* _What the task asks_
Among the entries below, take the line with "Vintage Baker Walnut" and the line with "Blessed To Be", and output them and every line between them exactly, with nothing else.

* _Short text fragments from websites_
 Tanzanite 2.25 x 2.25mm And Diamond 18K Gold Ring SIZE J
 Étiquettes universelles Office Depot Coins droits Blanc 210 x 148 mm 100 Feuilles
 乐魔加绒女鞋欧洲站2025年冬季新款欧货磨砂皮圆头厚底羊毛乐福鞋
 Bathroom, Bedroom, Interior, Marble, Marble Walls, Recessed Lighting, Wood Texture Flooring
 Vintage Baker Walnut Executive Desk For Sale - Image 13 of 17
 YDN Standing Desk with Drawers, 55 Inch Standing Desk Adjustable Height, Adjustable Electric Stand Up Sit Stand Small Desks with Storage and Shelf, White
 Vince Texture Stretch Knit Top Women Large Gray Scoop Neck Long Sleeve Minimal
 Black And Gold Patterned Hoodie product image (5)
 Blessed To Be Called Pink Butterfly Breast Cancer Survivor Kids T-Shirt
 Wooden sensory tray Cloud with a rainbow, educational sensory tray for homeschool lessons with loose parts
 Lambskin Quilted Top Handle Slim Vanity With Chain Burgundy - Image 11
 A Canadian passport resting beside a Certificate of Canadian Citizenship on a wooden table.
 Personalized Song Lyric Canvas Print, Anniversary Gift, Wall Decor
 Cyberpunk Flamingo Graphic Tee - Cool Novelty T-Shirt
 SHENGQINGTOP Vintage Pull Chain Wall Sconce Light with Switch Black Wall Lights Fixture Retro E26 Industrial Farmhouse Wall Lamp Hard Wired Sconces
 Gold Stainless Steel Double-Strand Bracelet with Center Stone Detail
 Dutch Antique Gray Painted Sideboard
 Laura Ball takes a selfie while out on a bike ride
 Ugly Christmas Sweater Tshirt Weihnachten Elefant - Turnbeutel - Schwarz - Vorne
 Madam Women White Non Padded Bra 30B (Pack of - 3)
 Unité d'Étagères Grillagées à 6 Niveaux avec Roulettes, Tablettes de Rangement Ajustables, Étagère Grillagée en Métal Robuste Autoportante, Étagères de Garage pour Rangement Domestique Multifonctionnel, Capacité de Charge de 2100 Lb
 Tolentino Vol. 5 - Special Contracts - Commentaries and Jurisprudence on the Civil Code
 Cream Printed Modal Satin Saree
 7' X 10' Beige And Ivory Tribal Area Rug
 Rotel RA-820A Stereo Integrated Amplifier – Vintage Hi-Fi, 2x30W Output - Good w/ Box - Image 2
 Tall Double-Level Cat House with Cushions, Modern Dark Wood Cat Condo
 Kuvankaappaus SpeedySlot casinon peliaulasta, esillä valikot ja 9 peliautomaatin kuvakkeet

* _Answer section_
 Vintage Baker Walnut Executive Desk For Sale - Image 13 of 17
 YDN Standing Desk with Drawers, 55 Inch Standing Desk Adjustable Height, Adjustable Electric Stand Up Sit Stand Small Desks with Storage and Shelf, White
 Vince Texture Stretch Knit Top Women Large Gray Scoop Neck Long Sleeve Minimal
 Black And Gold Patterned Hoodie product image (5)
 Blessed To Be Called Pink Butterfly Breast Cancer Survivor Kids T-Shirt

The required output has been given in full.